A few days before her due date, at her final prenatal visit with her doctor, Romana’s doctor cleared her again for the home birth. The student midwives made their regular visit to Romana’s home. After listening to the baby’s heartbeat, the midwives leaned in closer. Something didn’t sound right. The baby’s heartbeat was irregular. “Even the doctor missed it. It was because the midwives took their time that they found it,” says Romana. The midwives accompanied her to the hospital to have the baby assessed further. Romana’s hopes for a home birth were dashed. The doctor at the hospital confirmed what the midwives heard, and scheduled a C-section for Romana’s delivery to avoid any stress for the baby. Romana was both disappointed and grateful. While her months of preparation for home birth did not pan out as planned, Romana had a successful surgery.
The advocacy of midwives and parents in Trinidad and Tobago has in effect operated towards a decolonization of natal care. Despite the colonial establishment of state-run and state-monitored health care systems that retained prominence since first established, there are still strong connections to traditional health care within birthing practices in Trinidad and Tobago and this retention is being utilized with positive effect in natal care. As a radical, decolonizing shift occurs across the board in policy in Trinidad and Tobago, the realities around birth—how babies are born, who delivers them, and where—are shifting, incorporating intergenerational knowledge that was interrupted by these systems—and moving towards mother-centered care that questions norms passed down through colonial and institutional influences.
Additionally, the Covid-19 pandemic has highlighted public health issues related to human contact. In the context of natal care, there is great concern for safety at public health facilities. While throughout the pandemic, home birth through the public system has been unavailable, the option of home birth is one which can reduce the risk of the contracting Covid-19 or any other virus by taking the birthing process out of the public facility. This not only increases the safety of parents and babies, it also decreases the traffic at public facilities and relaxes the strain on health care providers at those facilities. The revival of home birth therefore has the potential to serve not only the issues of patient autonomy in natal care but is also a measure that care be applied in the interest of public safety.
We thank the midwives, mothers, parents, community elders, and all the resourceful supporters who contributed to this research, especially Ma, Ramona, and Fallon for sharing their stories. Special thanks also to the Alliance of Rural Communities (Arc TT), Mamatoto Resource and Birth Centre, the Trinidad and Tobago Association of Midwives (TTTAM), the Institute for Gender and Development Studies (IGDS) and Kelly Fitzjames.
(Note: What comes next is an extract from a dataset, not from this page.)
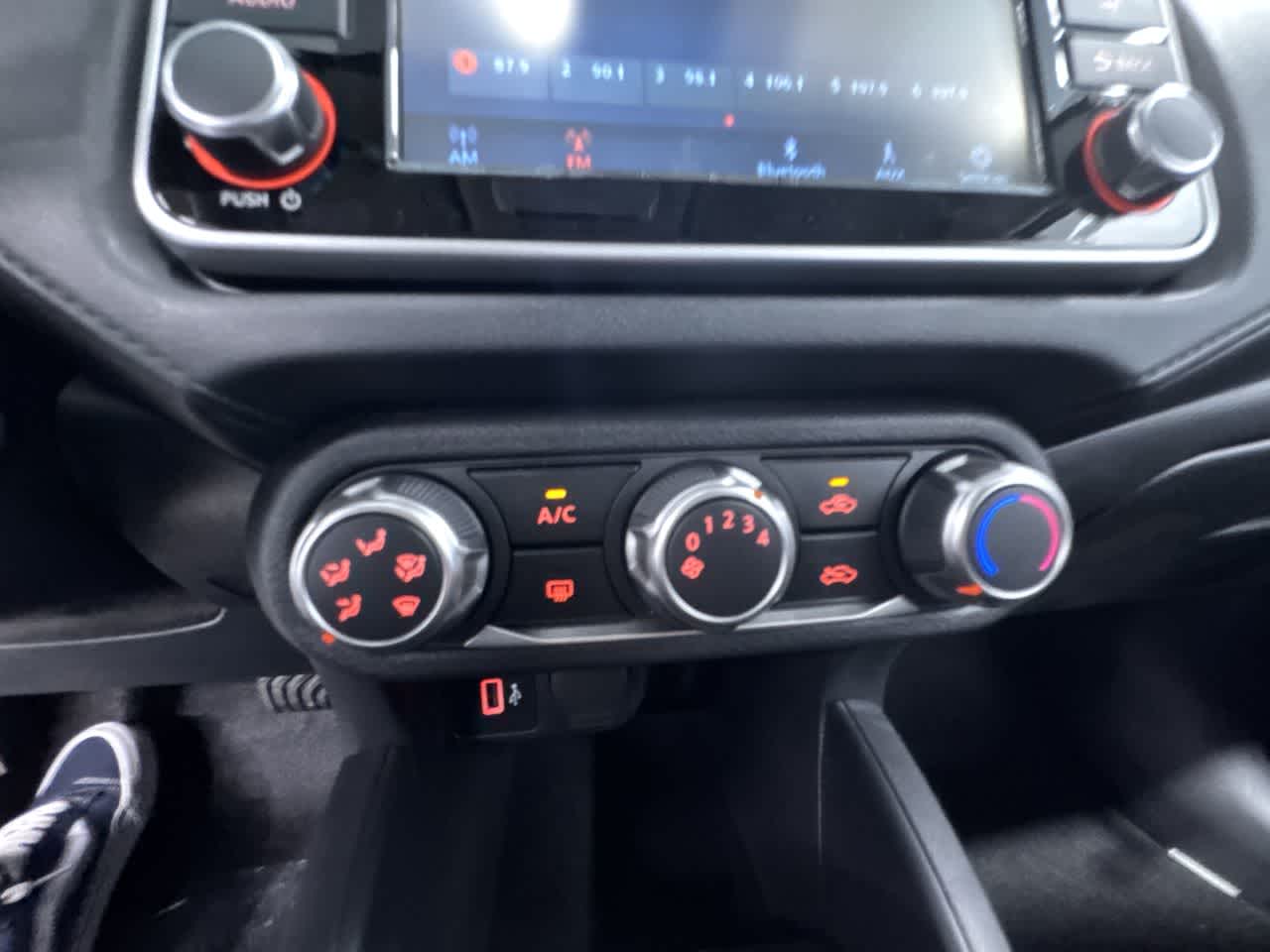 Vehicle image 34 of 40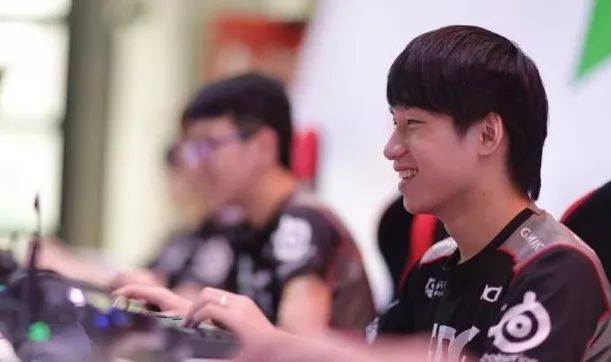 新的视角审 新的视角审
This article is a part of a body of work including the series Birth Stories of Trinidad and Tobago and a short film, Home Birth in Trinidad and Tobago, screened at the Trinidad and Tobago Film Festival 2019, Palm Bay Caribe Film Festival 2020, and the International Confederation of Midwives Conference 2021. Romana, featured in this article, appeared alongside Tammy Kremer in the TTT Now morning news show.
Francisca “Ma” Estrado died on January 13th, 2021, just twelve days before her 105th birthday.